__Work task__: Set out word for word the line that contains "Home reared, organic" and each line after it, through the end of the data below, but exclude the pictures.

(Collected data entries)
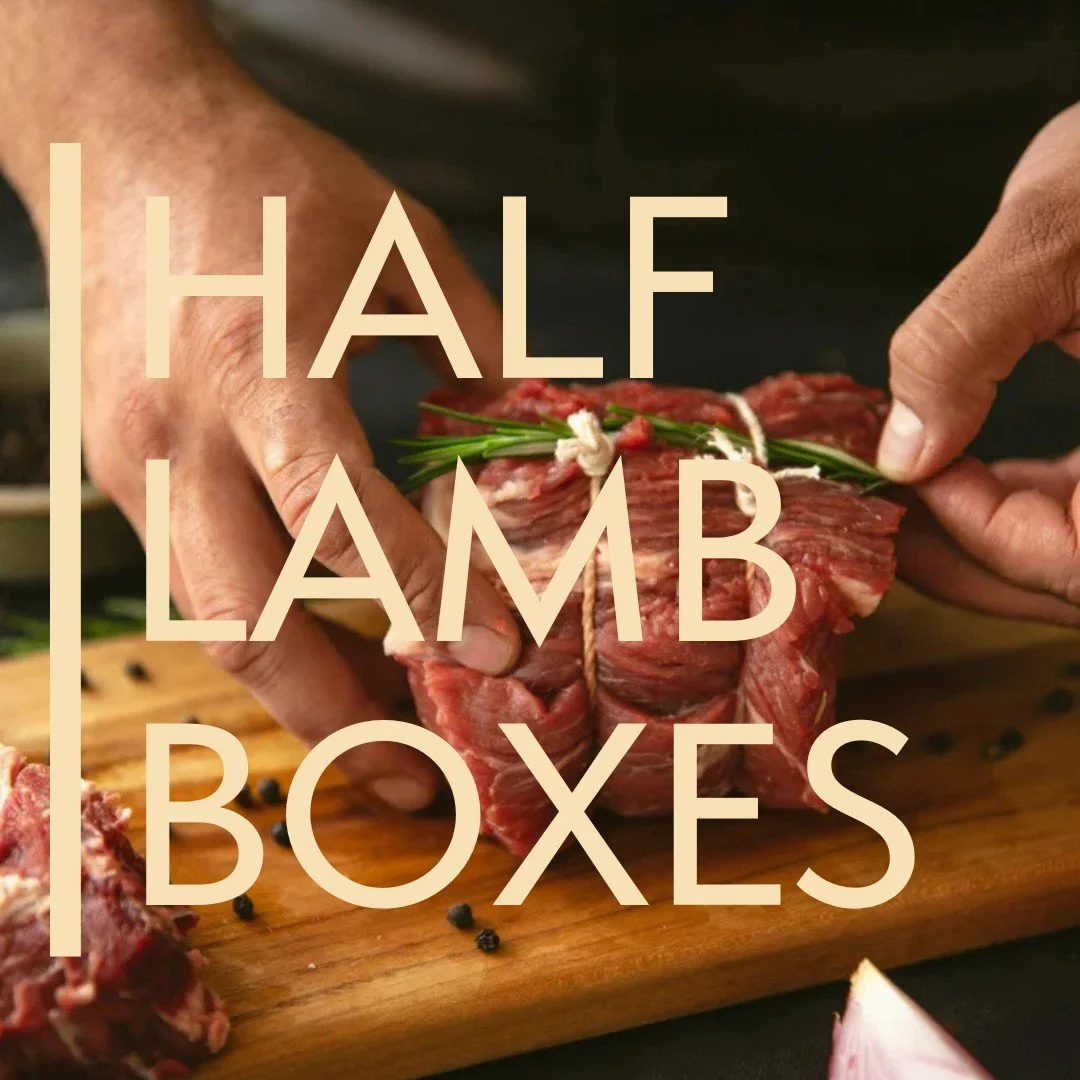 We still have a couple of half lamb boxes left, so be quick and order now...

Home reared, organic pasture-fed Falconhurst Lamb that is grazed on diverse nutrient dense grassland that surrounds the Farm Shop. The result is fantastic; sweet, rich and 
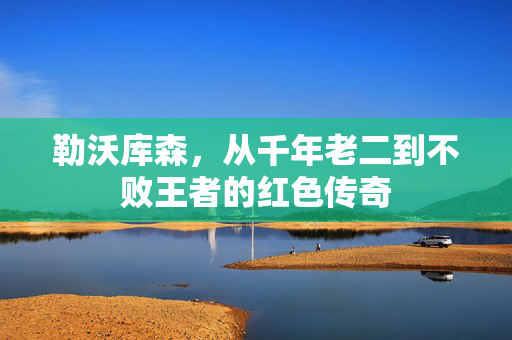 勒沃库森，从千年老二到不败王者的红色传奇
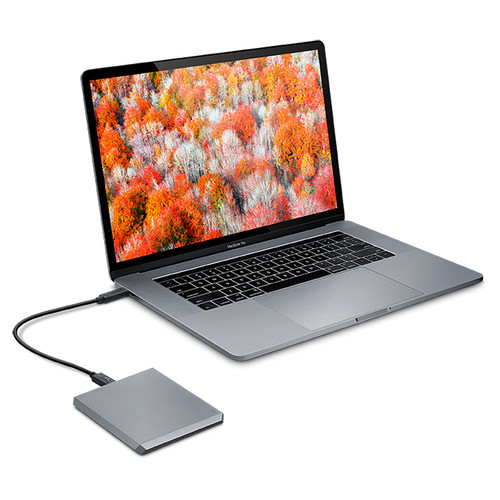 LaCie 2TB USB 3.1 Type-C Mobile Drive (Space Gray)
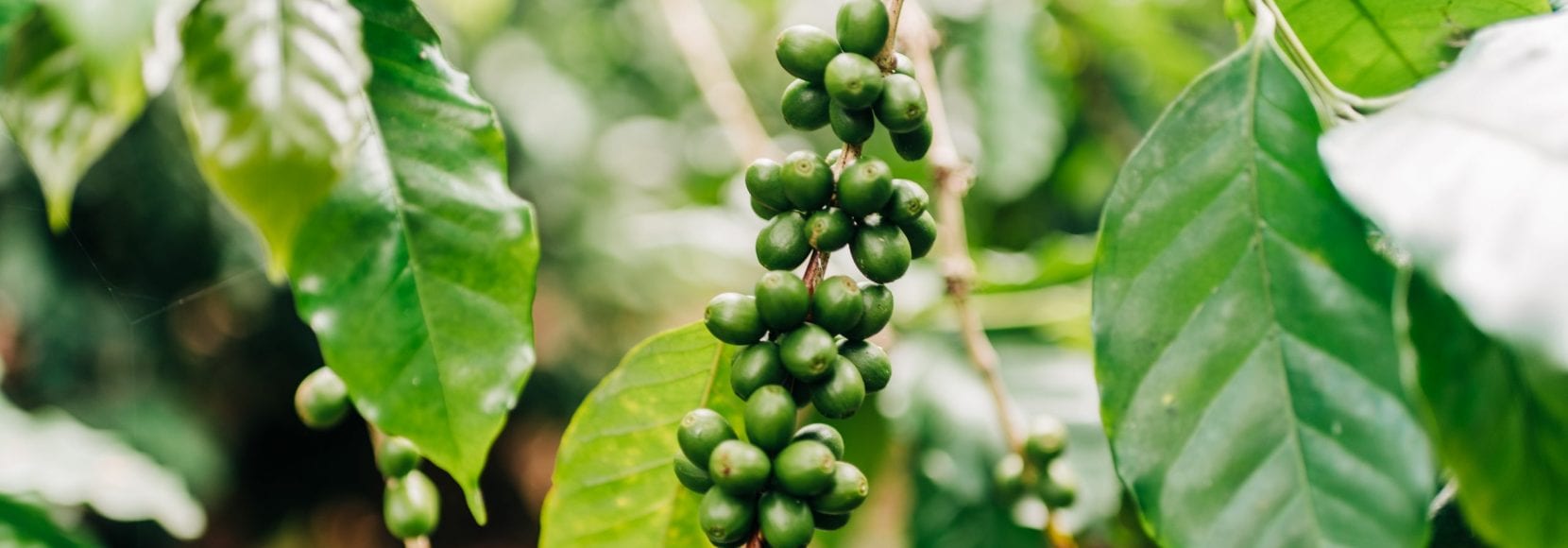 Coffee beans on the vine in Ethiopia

__Answer space__:
Home reared, organic pasture-fed Falconhurst Lamb that is grazed on diverse nutrient dense grassland that surrounds the Farm Shop. The result is fantastic; sweet, rich and 
 勒沃库森，从千年老二到不败王者的红色传奇
 LaCie 2TB USB 3.1 Type-C Mobile Drive (Space Gray)
 Coffee beans on the vine in Ethiopia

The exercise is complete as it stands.